## AIM OF THE EXERCISE
The reply should consist of the full listing, repeated word for word.

━━ DATASET CONTENT

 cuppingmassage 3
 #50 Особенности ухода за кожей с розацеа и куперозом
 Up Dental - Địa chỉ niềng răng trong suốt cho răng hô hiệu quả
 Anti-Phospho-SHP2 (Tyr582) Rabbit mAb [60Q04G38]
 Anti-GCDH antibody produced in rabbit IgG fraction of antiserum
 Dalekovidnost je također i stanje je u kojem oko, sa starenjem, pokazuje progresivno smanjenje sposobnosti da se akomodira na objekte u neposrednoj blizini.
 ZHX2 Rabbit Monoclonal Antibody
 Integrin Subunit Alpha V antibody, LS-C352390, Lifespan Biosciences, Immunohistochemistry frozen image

━━━━

## ANSWER SECTION
 cuppingmassage 3
 #50 Особенности ухода за кожей с розацеа и куперозом
 Up Dental - Địa chỉ niềng răng trong suốt cho răng hô hiệu quả
 Anti-Phospho-SHP2 (Tyr582) Rabbit mAb [60Q04G38]
 Anti-GCDH antibody produced in rabbit IgG fraction of antiserum
 Dalekovidnost je također i stanje je u kojem oko, sa starenjem, pokazuje progresivno smanjenje sposobnosti da se akomodira na objekte u neposrednoj blizini.
 ZHX2 Rabbit Monoclonal Antibody
 Integrin Subunit Alpha V antibody, LS-C352390, Lifespan Biosciences, Immunohistochemistry frozen image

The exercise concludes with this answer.